>>>

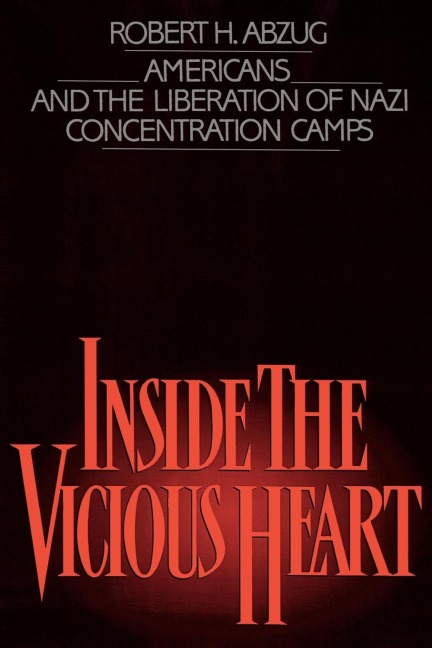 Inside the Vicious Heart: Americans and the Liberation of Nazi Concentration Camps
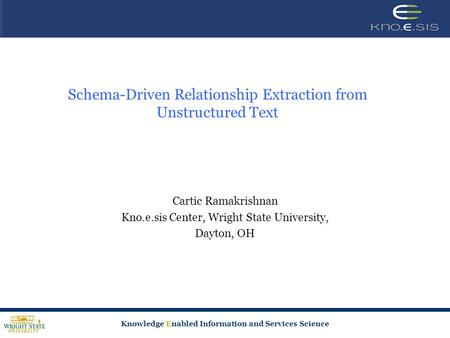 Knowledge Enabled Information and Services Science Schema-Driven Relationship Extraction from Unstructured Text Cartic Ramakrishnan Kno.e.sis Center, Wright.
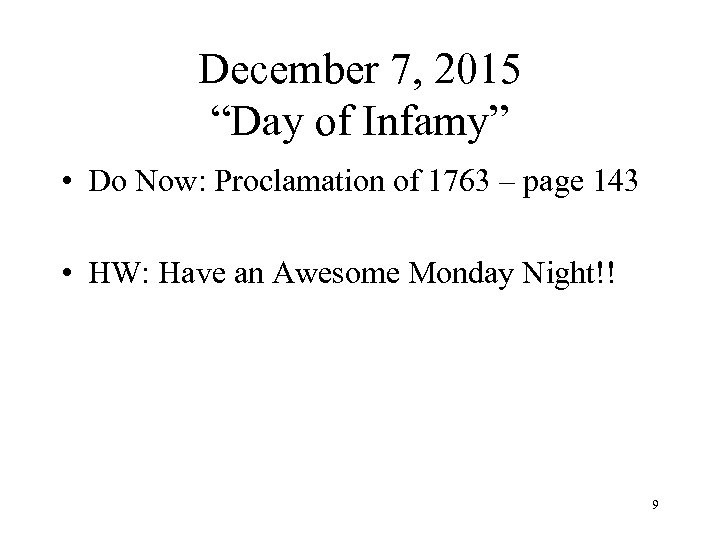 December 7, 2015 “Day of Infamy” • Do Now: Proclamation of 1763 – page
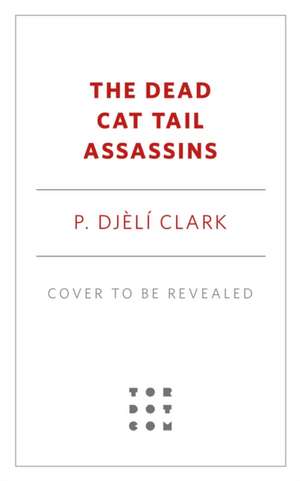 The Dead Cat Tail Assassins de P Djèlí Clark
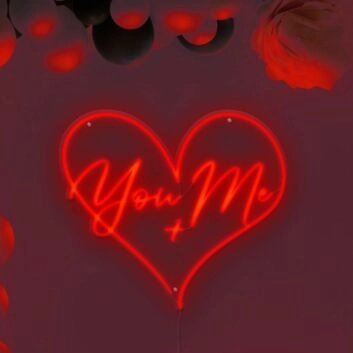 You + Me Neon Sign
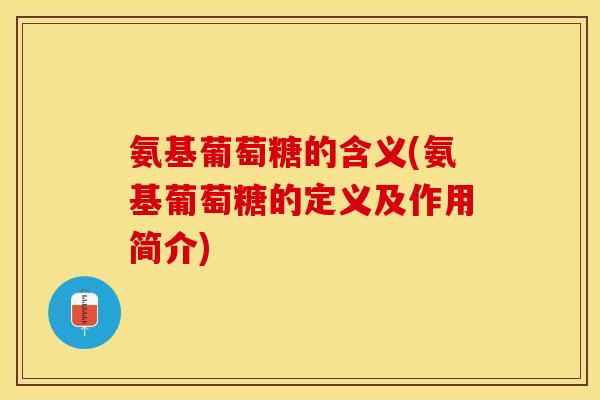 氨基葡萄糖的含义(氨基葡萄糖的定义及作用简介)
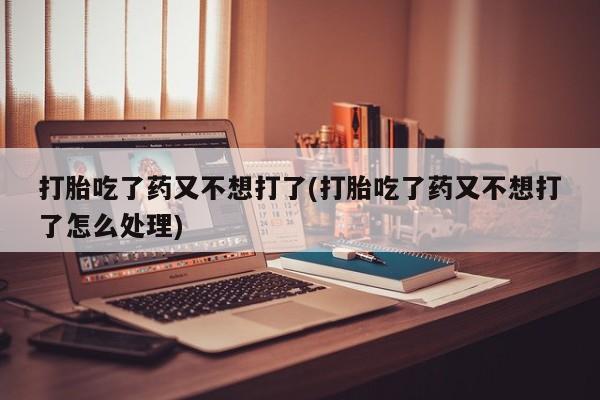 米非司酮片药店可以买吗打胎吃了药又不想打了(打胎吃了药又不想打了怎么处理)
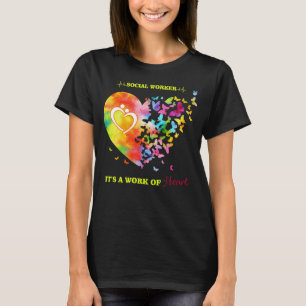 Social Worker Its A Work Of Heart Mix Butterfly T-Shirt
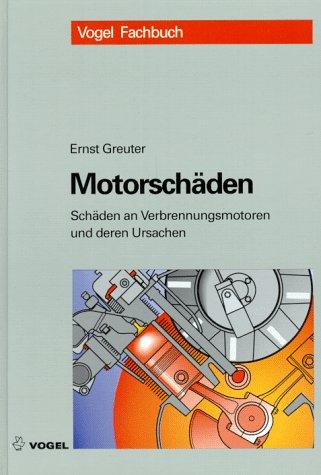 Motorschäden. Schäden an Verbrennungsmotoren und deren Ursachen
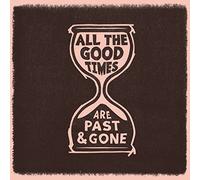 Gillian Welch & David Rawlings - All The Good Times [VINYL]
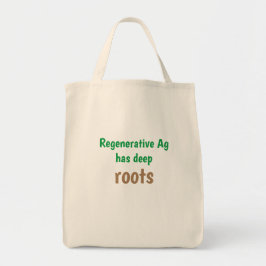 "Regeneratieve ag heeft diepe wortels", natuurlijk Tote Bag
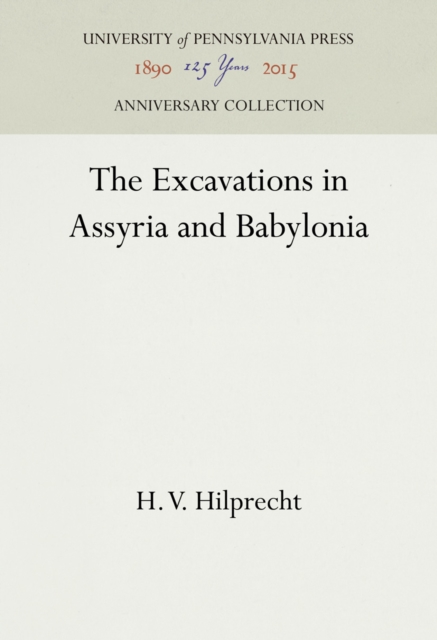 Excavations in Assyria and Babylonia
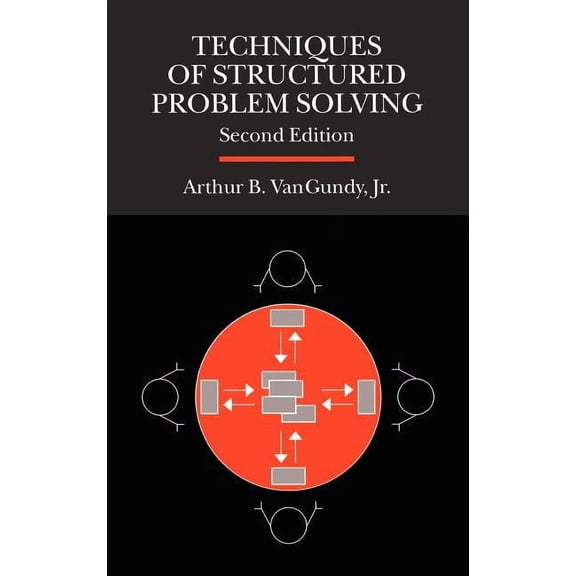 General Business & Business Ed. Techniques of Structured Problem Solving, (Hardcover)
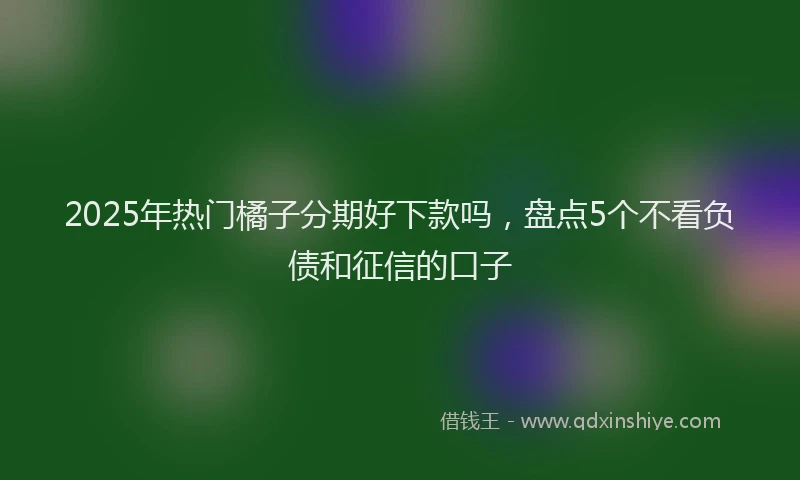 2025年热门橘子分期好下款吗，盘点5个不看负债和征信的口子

<<<

- [WORK REQUIRED]: Each entry must be set down word for word; no image may be carried over.

- [ANSWER]:
 Inside the Vicious Heart: Americans and the Liberation of Nazi Concentration Camps
 Knowledge Enabled Information and Services Science Schema-Driven Relationship Extraction from Unstructured Text Cartic Ramakrishnan Kno.e.sis Center, Wright.
 December 7, 2015 “Day of Infamy” • Do Now: Proclamation of 1763 – page
 The Dead Cat Tail Assassins de P Djèlí Clark
 You + Me Neon Sign
 氨基葡萄糖的含义(氨基葡萄糖的定义及作用简介)
 米非司酮片药店可以买吗打胎吃了药又不想打了(打胎吃了药又不想打了怎么处理)
 Social Worker Its A Work Of Heart Mix Butterfly T-Shirt
 Motorschäden. Schäden an Verbrennungsmotoren und deren Ursachen
 Gillian Welch & David Rawlings - All The Good Times [VINYL]
 "Regeneratieve ag heeft diepe wortels", natuurlijk Tote Bag
 Excavations in Assyria and Babylonia
 General Business & Business Ed. Techniques of Structured Problem Solving, (Hardcover)
 2025年热门橘子分期好下款吗，盘点5个不看负债和征信的口子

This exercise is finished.